The Washington Post magazine has a story on makeup artist Derrick Rutledge. It starts outside the locked door of temperamental star Chaka Khan:

Her makeup artist, Derrick Rutledge, is waiting, too. He just flew in to do her after working on Michelle Obama in the East Wing. After New Orleans, he’s scheduled to fly out to do Oprah Winfrey before returning home to Washington.

Rutledge, who earns up to $15,000 a day, numbers Mrs. Obama among his regular clients, along with Patti LaBelle, CeCe Winans, Oprah and many other one percenters.

Winfrey actually hired Rutledge after seeing his work for Mrs. Obama. She saw a picture of Mrs. Obama on the cover of Time magazine and said to herself, “Who did that?” Now that Winfrey and the first lady both use Rutledge, “The first lady comes first. When she doesn’t need him, I get second dibs,” Winfrey told the Post.

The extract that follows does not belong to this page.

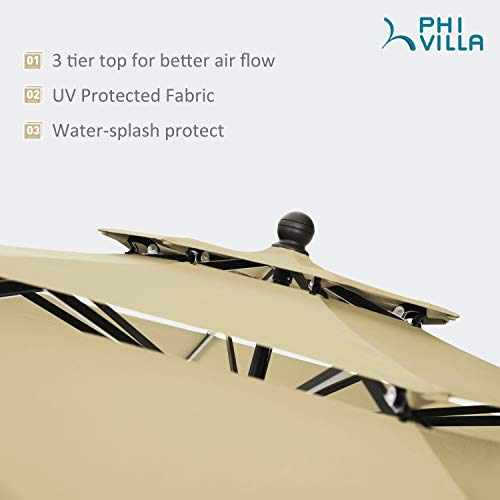 PHI VILLA 10ft Patio Umbrellas, Outdoor 3 Tier Vented Market Table Umbrella with 1.5" Aluminum Pole and 8 Sturdy Ribs, (Beige) for Poolside, Garden Terrace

Rutledge met Mrs. Obama in 2009:

In March 2009, Rutledge’s phone started ringing repeatedly, but he didn’t recognize the number and didn’t answer. When he finally did, the caller said it was one of Michelle Obama’s assistants and asked if he wanted to audition to be her makeup artist.

Okay, this may seem just a touch decadent to us 99 percenters. But it’s fine with me as long as the Obamas are paying out of their own purse to fly Rutledge back into town for that special touch (eyebrows are his thing).

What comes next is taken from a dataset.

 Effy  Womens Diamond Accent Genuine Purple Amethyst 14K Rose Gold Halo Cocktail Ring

Even though Ms. Obama’s makeup might be considered a business expense, we know that, if it were on our dime, she’d hire someone less expensive, don’t we? Don’t we? The article is mum on this aspect of the relationship, dealing extensively instead with Rutledge’s struggles with his weight (Mrs. Obama, have you spoken to Derrick about this?).

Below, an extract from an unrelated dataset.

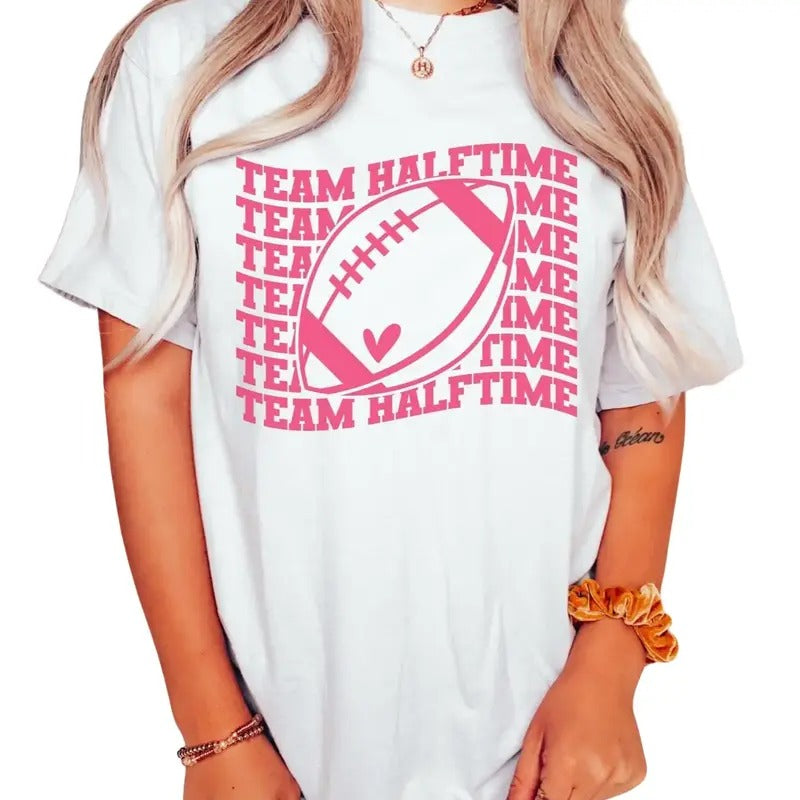 Womens Football Shirt, Team Halftime Shirt, Game Day Shirt, Sunday - Funny Football Shirt, Cute Football Tee, Gifts For Football Fan, Short Sleeve Tee Shirt, Football Gifts, Game Day Shirt, Gifts For Football Season Fit Top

If the piece in the magazine had been about a conservative first lady, I can’t help thinking that the matter of cost to the taxpayer would have been raised.  If the reporter did, in fact, ask and found that the Obamas are paying (and let’s assume they are), it would have been nice if the story had contained a sentence to that effect.

Mrs. Obama was roundly criticized for her extravagant 2010 trip to Marbella on the grounds that it cost the taxpayer quite a bit of money for her use of Air Force Two. She was dubbed Marie Antoinette by a conservative columnist, and this trip was widely considered bad PR, even by liberals.    

But by and large, however, Mrs. Obama doesn’t get painted by the MSM as a spendthrift. Nancy Reagan’s alleged penchant for extravagance, on the other hand,  was so pilloried in the press that Mrs. Reagan had to do a (demeaning?) skit at the Gridiron Club at which she sang a song written for the occasion and called “Second Hand Clothes” to the tune of “Second Hand Rose.”

You might enjoy rereading Byron York’s piece on Mrs. Obama’s visit to Zanesville, Ohio, in 2008 when her husband was a candidate for the White House. Explaining her and her husband’s economic struggles, Mrs. Obama told women in an economically troubled county that the Obamas were spending around $100,000 a year on education and such extras as piano lessons for their two girls. According to York, the women nevertheless felt touched that Mrs. Obama had spent time with them.

Still, I can't help feeling that the presence of Rutledge shows a disconnect between rhetoric against corporate jets and the way our first family lives.